Do you ever have those moments when you needed to hear or be reminded of something and it brings things back into focus? I had some of that today. Not only was it putting things back into perspective, it was also an encouraging kick up the backside. So let me explain.
This morning we were looking at the Parable of the Talents in Matthew 25.14-30, where a king gives three servants various amounts of money to look after. Here, we see the unfolding of how the three spent their money and how their actions reflected their trust and belief in their King to be faithful. We see the first two go off and ‘put their money to work’ and gain more from that, while the third was ‘afraid and dug his in the ground’, gaining no more than what he hid. This King entrusted them with his wealth and we begin to understand the responsilibity that was laid in their hands. We also see demonstrated two responses in the text and two displayed a trust in the faithfulness of their King to return while the other exclaims that he was afraid and was inactive in what he had been entrusted with.

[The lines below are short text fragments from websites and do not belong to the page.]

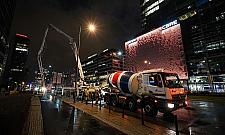 Tajemniczy 84-metrowy tunel na Woli. Drogowcy zaleją go betonem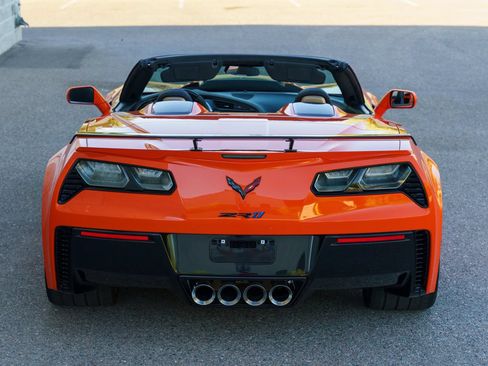 Used 2019 Chevrolet Corvette ZR1 RWD image 56
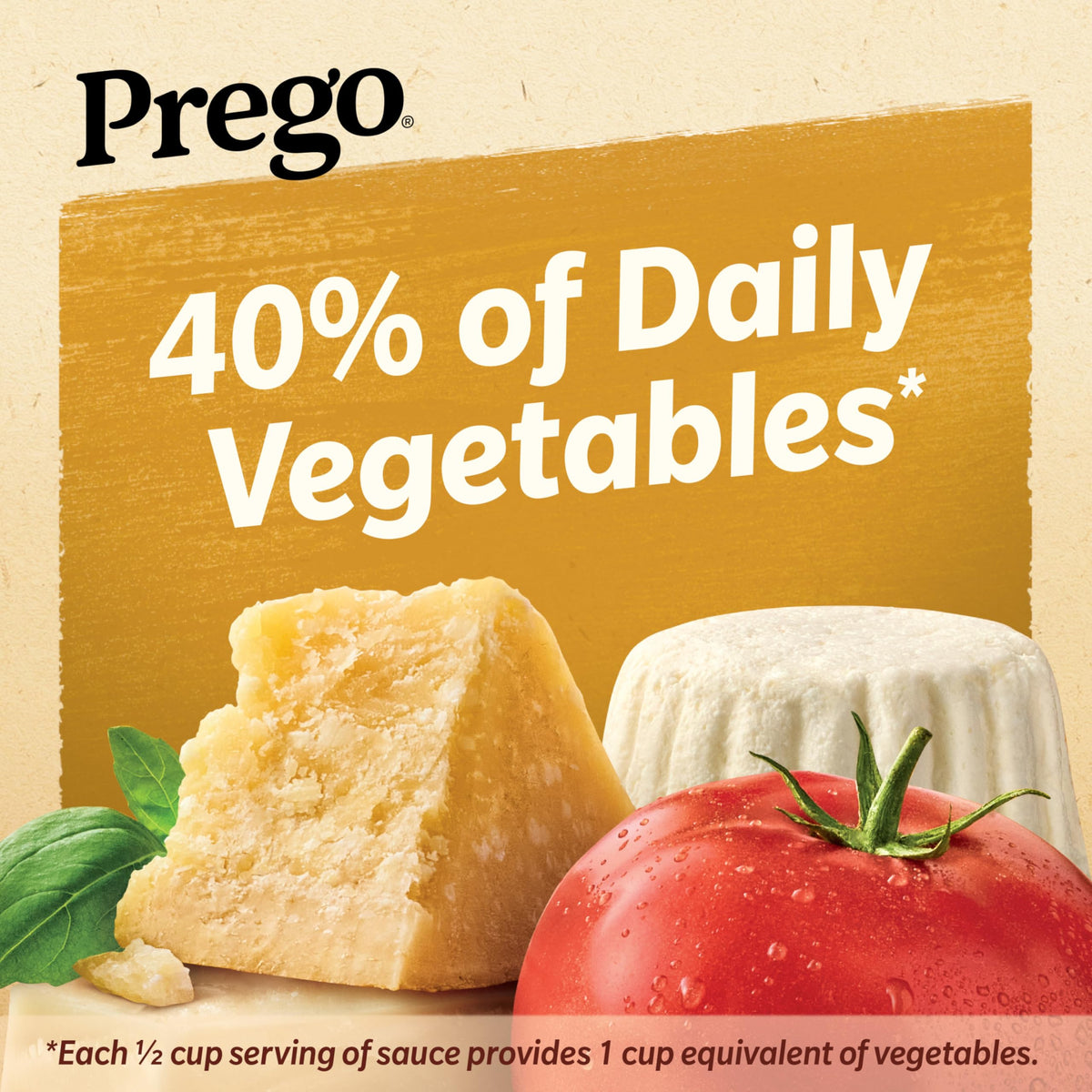Prego Three Cheese Pasta Sauce, 24 Oz Jar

This really hit home with me and it refocused the trains of thoughts that I’ve had over the week. WOW. God has entrusted me while on this earth and how am I using what He has given me? His wealth of time and resources? The personality and individual make-up that He has designed me with? The relationships around me and the money in my pocket? The lessons I’ve learned and the availability to continue to grow? Am I aware of what He has even entrusted me with? Do I even acknowledge the privelege and the responsibility to be a steward of all of the above? So that in the end He can say “Well done, good and faithful servant. Come and share in your master’s happiness.” And if you are faithful in the small things that you have, then He says that He will put you in charge of much more!
Or will I hide all of these things away, afraid to use them for His purposes and instead use them for my own profit? Do I believe that God is faithful in all of His promises and will I cheerfully give back all of who I am and what I have for Him alone? Are we being faithful in what we have now and where we are? Is it possible for the person who posseses the gift of singleness to be intentional about not wasting precious time and availability that comes with that stage? Is it viable for those who posses the gift of marriage to not get wrapped up in selfish ambition but use their home to display the selfless love of Christ? Everything out there seems to be screaming do this or do that so you can feel or look good. Pursue what you want , no matter the cost. Gain as much as you can for your self. Pursue that relationship, own that house, have those children, climb that ladder in your job, seek those vacations, collect all those toys and objects of hobby and retire with all your stuff, so you can sit back and say “I have used all that I am and all of my resources to seek pleasure and happiness for myself.” But what is God going to say? Will He say “well done, good and faithful servant. Come and share in your master’s happiness?”. Or will He say “Well, you invested and spent all that you had for yourself and others, you wanted to look good and feel good but you were never concerned with me or all that I had entrusted you with. You won’t be sharing in my joy?”.
What a little wake up call this was for me. Where God has me. What He has me doing. With what He has provided me with. Am I faithful? Because He is faithful and He is worthy. Even when it feels minute. Be faithful. Even when it seems overwhelming. Be faithful. Even when it doesn’t make others envy me or when isn’t so desirable or pleasureable. Even when it is confusing. Be faithful. Trust in the King who is away working on the details and will return to say “enter into your master’s joy”. No one else’s opinion will matter as much and no selfish ambition will ever measure up. It will be worth the cost and you will have found the greatest treasure there is to gain- not the world, but the King.